The clerk brought out a bound copy of the newspapers printed in the time period. The book was in deplorable condition; many pages were torn and crumbling after years on the back shelves. I carefully turned to the issues beginning with August, 1919. The Norborne Leader, published every Friday, was full of interesting, personal, everyday happenings that occurred in Norborne and the surrounding communities, including the comings and goings of the citizens and their friends and family. Surely I would find something about a murder. The most likely issue to hold an article concerning the murder of Viola would have been the 5 September 1919 issue. But this publication of the newspaper was missing from the book. Carefully, I looked ahead and behind the area where this paper should have been filed, with no luck. Finally, I asked the clerk for assistance with the missing issue. Her response was, “Well, sometimes they get old and we just throw them away.” My heart nearly stopped.
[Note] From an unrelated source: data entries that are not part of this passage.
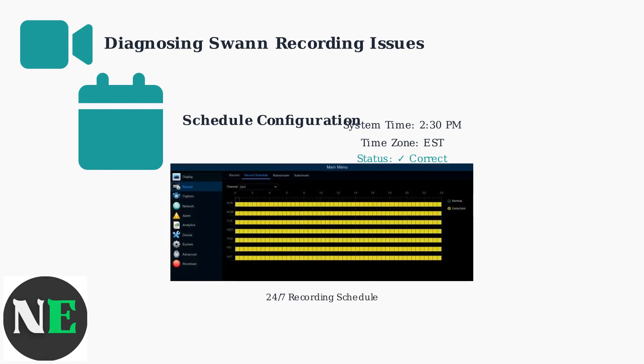Here's what a proper recording schedule looks like. Yellow indicates active recording periods. Avoid overlapping schedules and use continuous recording with motion alerts for best results.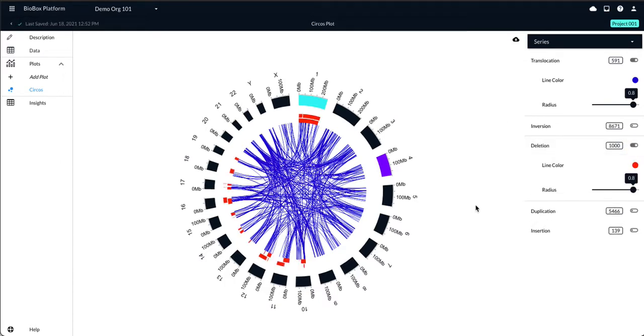And once you're satisfied with your plot, you can download the plot directly to your desktop.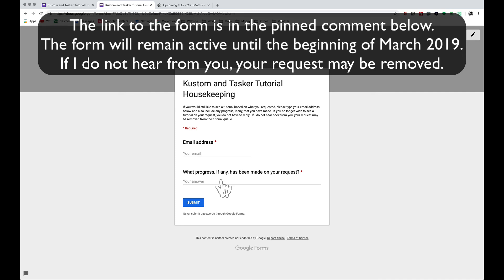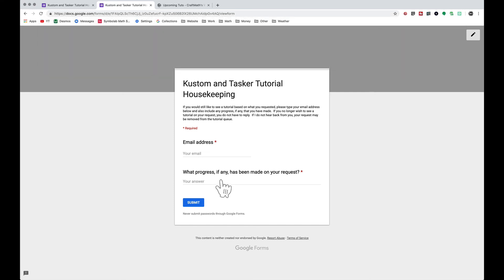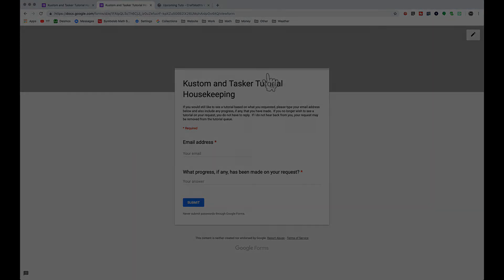That's all I'm asking here — just a quick form for you to fill out if you still want your request. Thank you all for your participation, your requests, your comments, your feedback. And that's it for this video. I hope this will help.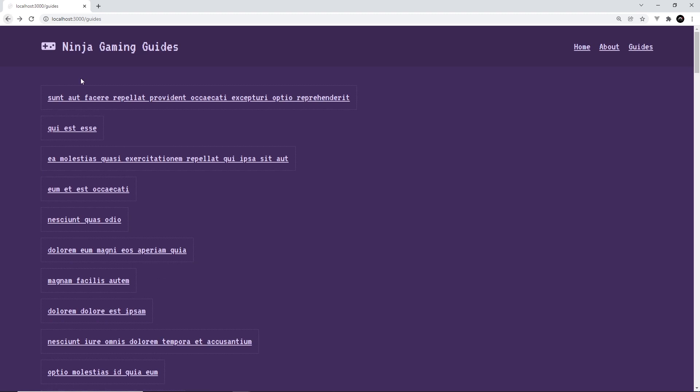Instead of this, I'd like to redirect the user back to the guides page if that guide doesn't exist. We'll talk about error pages later on. So for now, how do we do that redirect?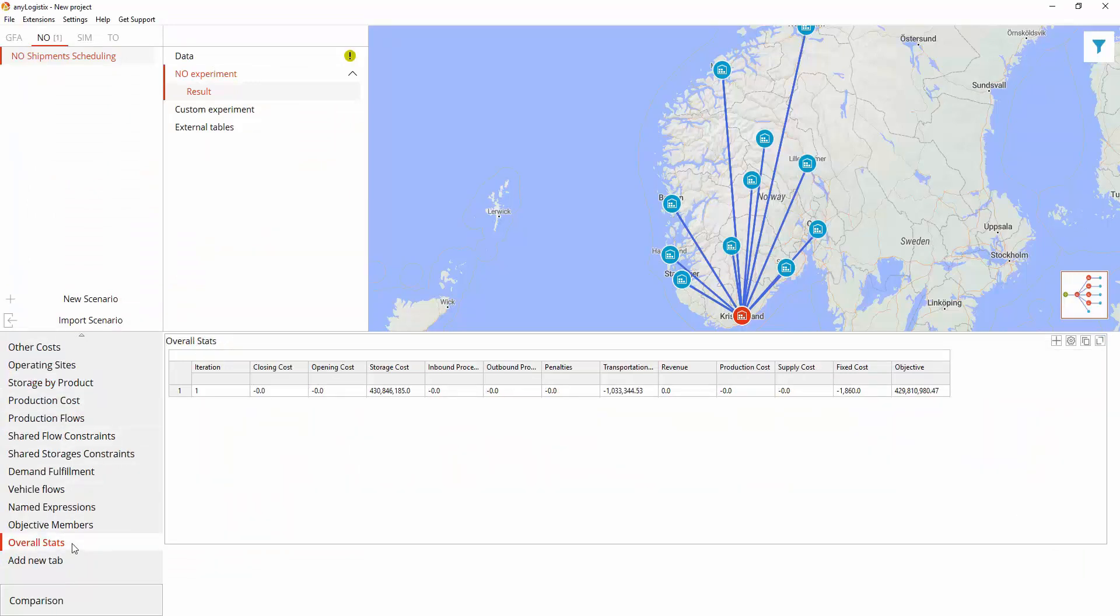All the final statistics are illustrated in the overall stats table. This is how network optimization in AnyLogistics allows you to find the optimal daily shipment schedule.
“Are there microfilm copies located anywhere?” I inquired.

“Not to my knowledge,” she responded.

Sadly, I left the newspaper office and walked across the street where my family was waiting at the Old Bank Restaurant. Old photographs lined the walls showing the town and its people. Ordering a glass of iced tea, I couldn’t help wondering if some of these faces staring out at me held the answers to the questions I had. Would those answers be locked up forever?

The next logical step, I perceived, was a trip to the Carroll county seat, Carrollton. Maybe a review of the coroner’s records would reveal a clue. J. G. Tonge was listed as the coroner who signed Viola’s certificate of death. Unfortunately, these records could not be located by the county clerk in Carrollton. Disheartened, I had to return home with more questions than I had answers.

Not willing to give up on my search, once I reached home I wrote a letter to the library at the county seat inquiring about copies of any old newspapers, and requesting a search of any sources it may have. Enclosing a self-addressed envelope and a nominal check to cover any costs, I waited patiently for a response.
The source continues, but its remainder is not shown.